Reclaiming power from the financial elite
Time to put finance back in a box and create an economy for ordinary people
In the new politics and economics that Vision 21 wants to help to bring about, citizens must be prepared to fundamentally reassess the role and impact of finance and financialization in our economy. Financialization refers to the trend in which wealth and profits are increasingly accumulated through financial channels and instruments rather than through production of goods, local manufacturing, community economic development and diversified trade.
The problem
As pensions and decent incomes have withered away, the public has been enlisted in a giant ‘casino’ economy, in which they are forced to direct their own registered retirement funds as risk-bearing agents in a less than fully transparent ‘financialized’ economy.

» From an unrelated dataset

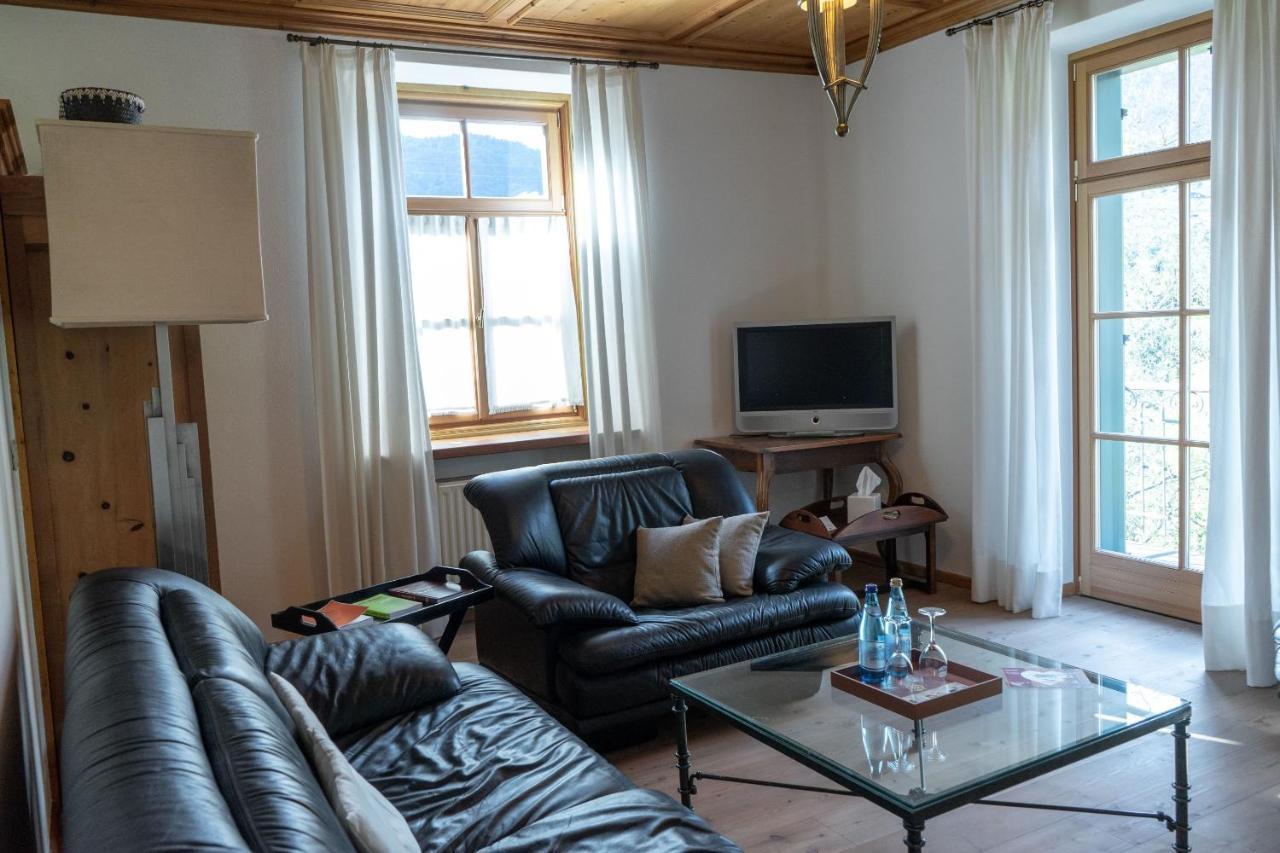 Schlosswirt Forst Lagundo Exteriér fotografie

Finance has created a kind of parallel economic universe with its own logic and governance, substantially divorced from the real world, and one in which the rest of us are exposed to constant risk. A few billionaires may have emerged, but at the price of introducing massive inequality and fragility into our society and compromising the future prospects of many young people across this land. Any objective analysis of the history of the last thirty years in Canada will show that the supposed efficiency gains of financialization are vastly outweighed by the serial contagions, asset price inflation, and massive indebtedness that has directly or indirectly impacted the great majority of working households, taxpayers, and individuals in this country. The control that Canadians once felt they had over the arc of their lives has been replaced by a random, chaotic, and ultimately dispiriting one which the financial sector has introduced into our midst.

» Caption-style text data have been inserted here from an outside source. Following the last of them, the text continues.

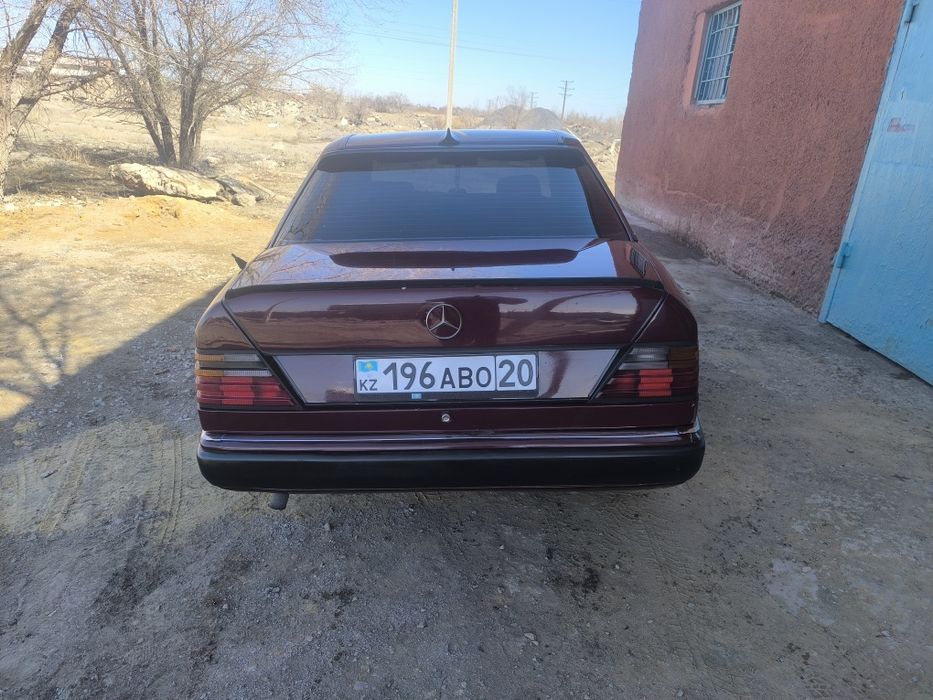 Продам Мерседес 124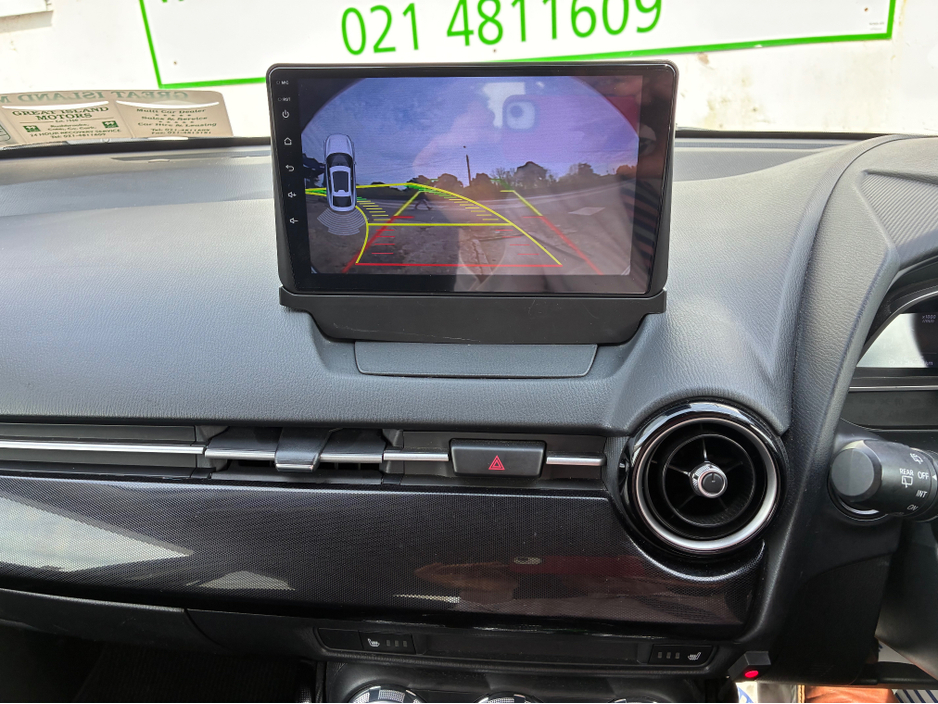 2016 Mazda Demio - image 17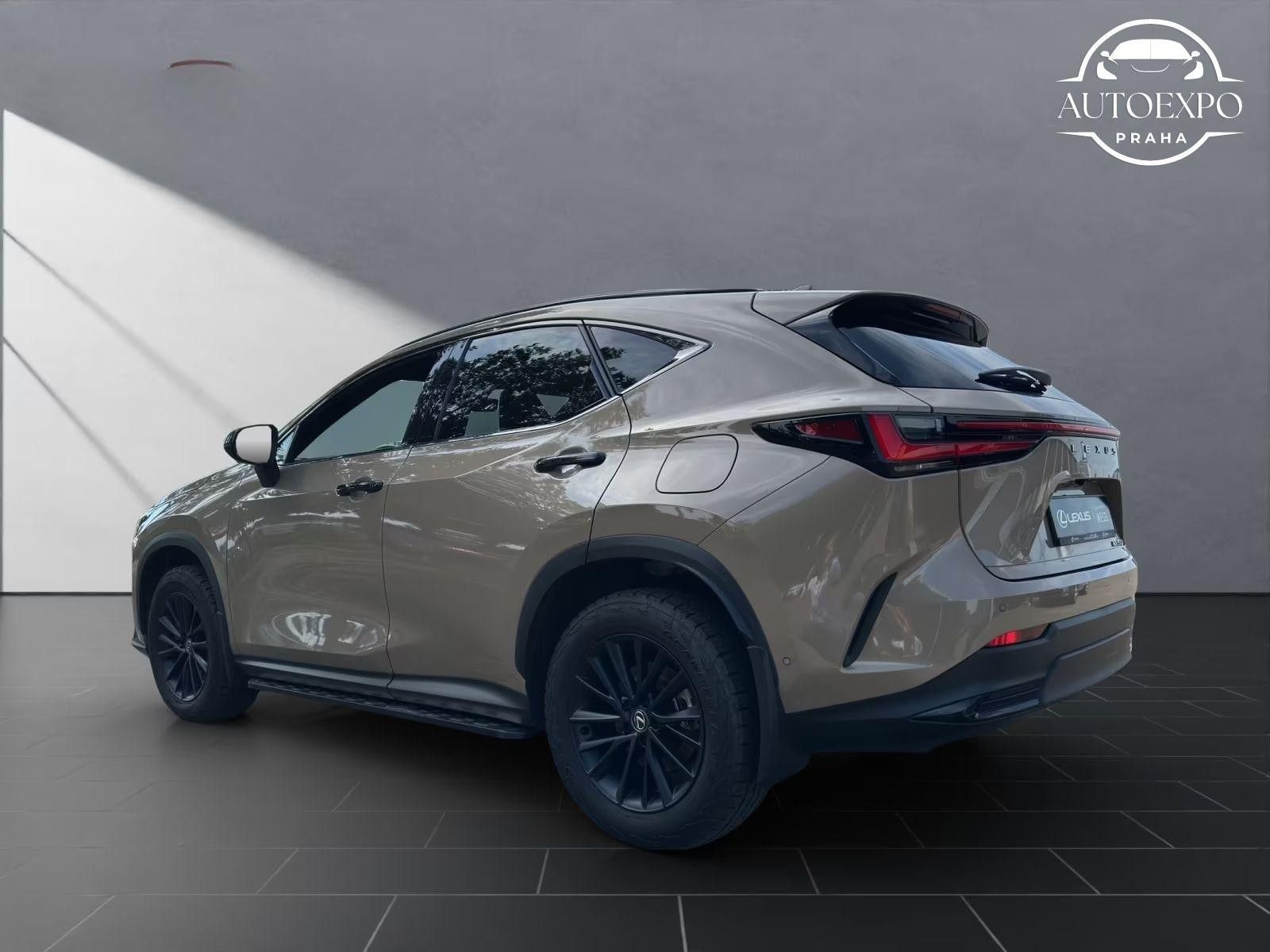 Lexus NX 350h, Overtrail E-FOUR*PANORAMA - fotka 5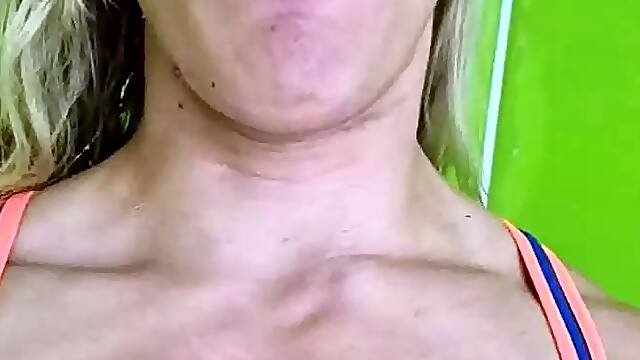 Amateur blonde solo webcam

“We live in a world where the latest market indicators bombard us on screens at every turn, and yet, as the old saying goes, to know the price of everything and the value of nothing, is a poor substitute for genuine economic progress for the benefit of all. ”
Our solution
1. Redefining GDP
Vision 21 argues that GDP as presently calculated misrepresents and distorts our economic health by including financial sector revenues—such as bank interest, fees, and transaction charges—as productive contributions. Since Canada adopted the UN’s revised System of National Accounts in 1968, these rent-seeking payments have been classified as value-added income, inflating GDP without improving real productivity or well-being. Vision 21 contends these are “subtrahends” that should be deducted, not added, to measure true national wealth. A reformed GDP should distinguish earned from unearned income, prioritizing tangible contributions from wages, small businesses, and production over speculative financial gains.
2. Ending Derivative Trading
Since the 1980s, derivatives—complex financial contracts like futures, options, and swaps—have introduced systemic risk and instability into Canada’s economy. Their speculative nature, combined with leverage, has amplified financial fragility during crises such as the 2008 mortgage collapse and 2022 inflation spike. The vast, opaque derivative market now exceeds stock and bond markets in scale, making systemic risks harder to assess. Vision 21 calls for banning derivatives to prevent financial contagion and ensure public stability is not held hostage to speculative losses.

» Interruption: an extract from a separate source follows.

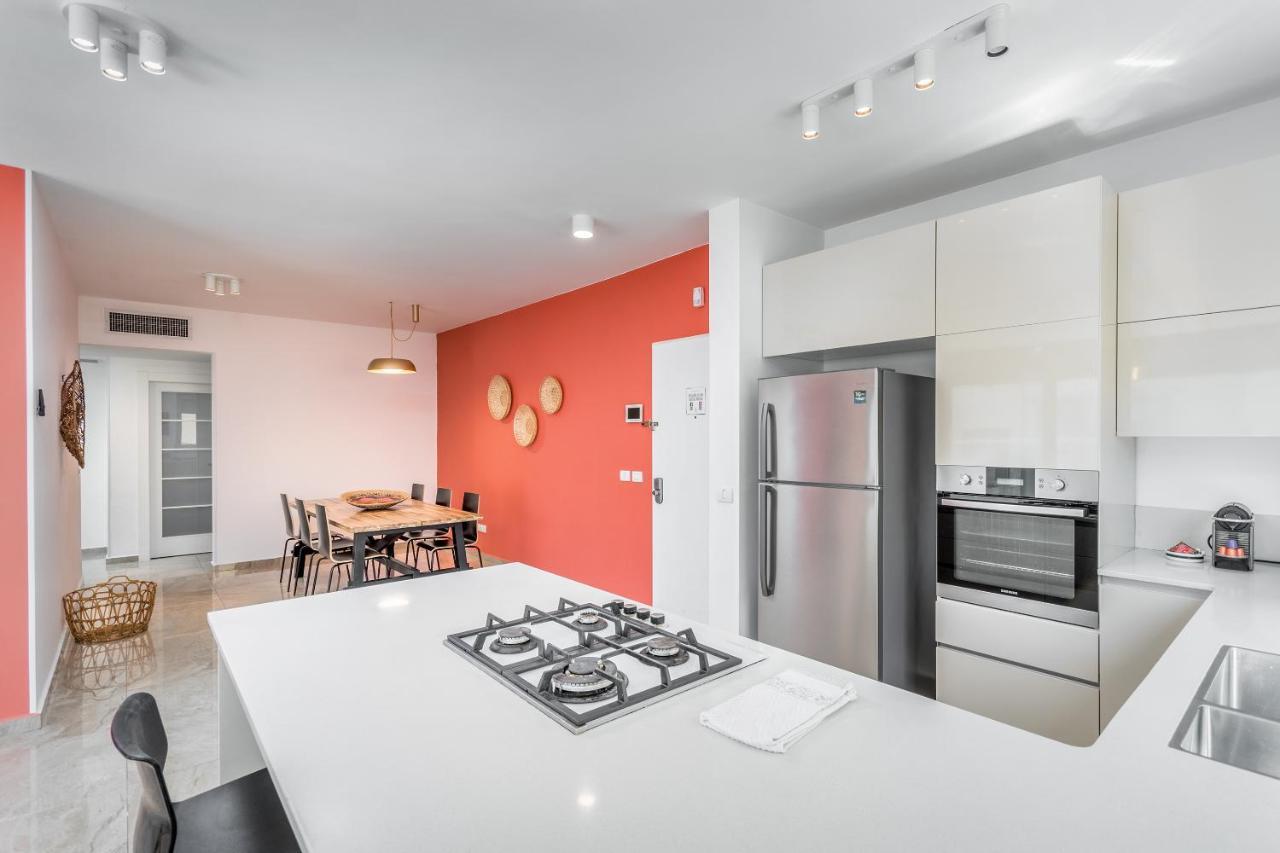 3 Bedrooms Apt Balcony & Parking Near Banana Beach Tel Aviv Exterior foto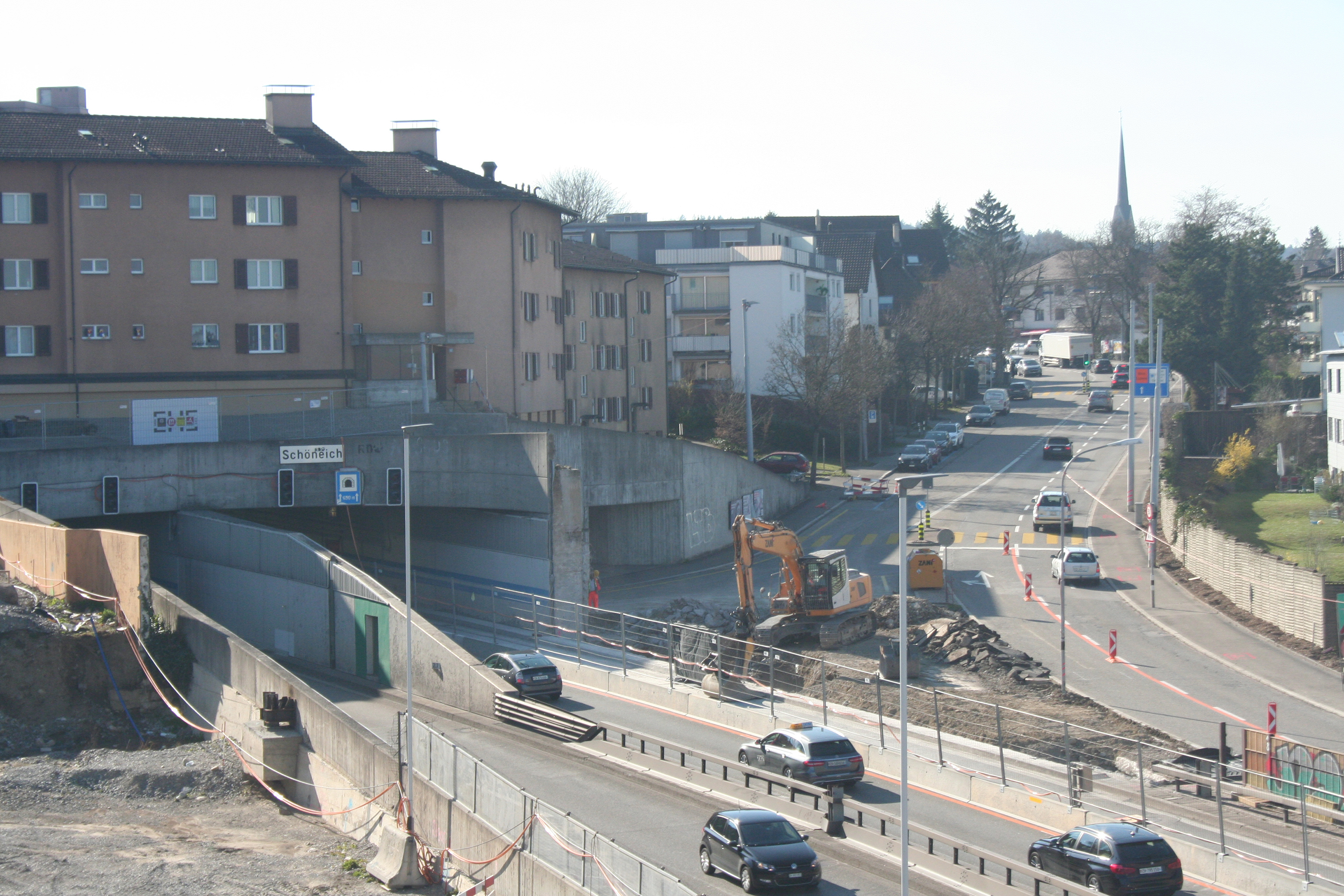 Beim Portal Schöneichtunnel beginnen demnächst die ersten Bohrpfahlarbeiten. Insgesamt hat sich der Baugrund als sehr setzungsempfindlich herausgestellt. Um das Gewicht der Einhausung zu tragen, wird deshalb eine Bohrpfahlwand erstellt. Über dem Tramtunnel und der Tramstation werden spezielle Querträger eingebaut, die die Last der Einhausung ableiten.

3. Canada Needs Postal Banking
Canada’s major banks earned $51 billion in profits in 2024, while nearly a million Canadians remain unbanked and many face predatory payday lenders. High fees, branch closures, and rising household debt underscore systemic exclusion and inequality. Vision 21 proposes reinstating postal banking, which Canada had until 1968, leveraging Canada Post’s 6,400 locations—60% in rural areas—to offer low-cost, accessible financial services. These would include savings and chequing accounts, low-interest credit, and eventually mortgages and business loans. This model would emulate successful postal banking systems in countries like the UK and France, prioritizing fairness and universal access. It would also provide a pathway for Canada Post whose once lucrative parcel business has been decimated by private courier companies.
4. Creating a Public Investment Bank
The Canada Infrastructure Bank (CIB), established in 2017 as a Public-Private Partnership vehicle, has failed to meet efficiency, transparency, and community needs, while primarily de-risking private investors. Vision 21 calls for replacing it with a Public Investment Bank funded by public capital. This institution would prioritize durable, climate-conscious infrastructure, provide low-interest loans to municipalities, cooperatives, Indigenous enterprises, and renewable projects, and be governed by diverse public-interest stakeholders. Unlike profit-driven P3s, it would fully account for environmental and social costs, focusing on long-term public benefit over short-term returns.
5. No Bailouts for Speculators
In the event of another financial crisis, Vision 21 insists on protecting insured personal deposits and Canada Pension Plan assets but refusing bailouts for speculative losses from high-risk financial activities like derivatives or leveraged real estate investment. Public funds should not underwrite the poor judgement of private actors; moral hazard must be observed. With inequality worsened by decades of financialization, taxpayer resources should be directed toward public priorities such as healthcare, education, Indigenous rights, and public infrastructure—not to indemnify failed, speculative bets.